Hay, allí, dentro, en resumen, todo lo que pueda extrañar un boricua en tierra lejana. Hasta el “to’ bien pai”, con el que don William suele saludar a los clientes, recuerda las calles de la isla. De no ser por los acentos centroamericanos entre los clientes y algunos de los empleados, puede alguien abstraerse y pensarse en el pueblo pequeño de Puerto Rico que más su alma le impida evocar.
“Aquí todo es hecho en la casa. Hasta el pique ‘Yo me mato’”, cuenta don William.
El nombre ‘Yo me mato’, del pique también está en una cadena que lleva don William y un afiche en la parte superior del cristal delantero de su camioneta. “Es que yo lo digo mucho, que yo me mato trabajando por mi familia”, dice el hombre, a modo de explicación.
En la mesa de al lado, un joven peruano dispuso con tesón y disciplina un enorme plato de sopón siete potencias que humeaba como las pociones mágicas de las películas. Dejó el plato tan limpio como si no hubiera sido usado. “¡Preciso!”, exclamó, pasándose una servilleta por la boca mientras emergía como de un viaje de la aventura de haber engullido tamaño manjar.
Don William –que hace veinte años abrió un segundo ‘Aquí me quedo’ en la avenida Albany de esta ciudad– cuenta que actualmente no tiene a ningún puertorriqueño en la cocina de sus restaurantes.

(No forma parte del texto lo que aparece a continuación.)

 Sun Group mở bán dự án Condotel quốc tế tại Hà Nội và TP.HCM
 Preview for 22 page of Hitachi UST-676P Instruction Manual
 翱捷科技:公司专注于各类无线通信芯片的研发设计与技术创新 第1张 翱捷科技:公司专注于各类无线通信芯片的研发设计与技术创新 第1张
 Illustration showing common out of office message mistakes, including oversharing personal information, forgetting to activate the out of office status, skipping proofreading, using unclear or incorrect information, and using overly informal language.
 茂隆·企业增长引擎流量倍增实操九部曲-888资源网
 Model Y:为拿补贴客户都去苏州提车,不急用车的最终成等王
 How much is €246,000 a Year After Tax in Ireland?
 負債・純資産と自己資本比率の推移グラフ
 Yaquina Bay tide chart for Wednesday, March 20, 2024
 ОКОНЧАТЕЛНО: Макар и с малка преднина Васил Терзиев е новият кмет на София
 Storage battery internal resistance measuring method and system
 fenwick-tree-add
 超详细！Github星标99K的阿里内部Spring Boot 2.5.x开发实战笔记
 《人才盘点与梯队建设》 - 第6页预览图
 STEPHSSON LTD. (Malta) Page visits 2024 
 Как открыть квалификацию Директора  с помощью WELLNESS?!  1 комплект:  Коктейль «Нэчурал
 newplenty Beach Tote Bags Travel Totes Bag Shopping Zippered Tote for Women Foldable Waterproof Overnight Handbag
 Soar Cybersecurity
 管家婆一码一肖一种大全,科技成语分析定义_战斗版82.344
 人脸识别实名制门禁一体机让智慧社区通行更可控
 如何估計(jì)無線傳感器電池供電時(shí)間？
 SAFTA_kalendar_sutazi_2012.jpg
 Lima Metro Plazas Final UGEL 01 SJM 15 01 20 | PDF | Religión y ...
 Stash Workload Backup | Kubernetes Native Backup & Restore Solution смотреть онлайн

Pero de donde quiera que vengan se le enseña la manera boricua de cocinar y no hay en el menú de ‘Aquí me quedo’ ningún plato que no sea auténticamente puertorriqueño.
“Hay de todas las razas dentro del negocio. Me llevo bien con todo el mundo. No he tenido problemas con ninguno hasta el día de hoy”, cuenta el hombre, que lleva un sombrero de cuero con motivos alusivos a las peleas de gallo.
Hace doce años, don William traspasó la administración de sus restaurantes a su hija Wilma Yolanda, quien, a vez, encargó el “Aquí me quedo” de la calle Park a su hijo Samuel, quien en el acento típico de los boricuas, como es su caso, de tercera generación, sigue cuidando el carácter boricua de esta institución de Hartford.
Don William sigue acudiendo al restaurante y atendiendo clientes tres o cuatro días en semana. El trabajo y el amor (tiene una hija de seis años), dice, lo mantienen saludable entrando a su octava década de vida. “Pa’ que lo coja otro, que se quede en familia”, dice, orgulloso de que ya una tercera generación de los suyos esté a cargo del restaurante boricua más antiguo de Hartford.
Concluida la charla, llegan a la mesa de los periodistas alcapurrias crujientes, una montaña de arroz fulgurantemente blanco, de granos claros y relucientes, habichuelas rosadas espesas y bien condimentadas y carne guisada oscura, blanda y jugosa, cuyo caldo exudaba un aroma embriagador.
Fue obligatorio entonces que echara a un lado libretas, bolígrafos, cámaras y grabadora.
El resto, incluyendo la dieta, fue historia.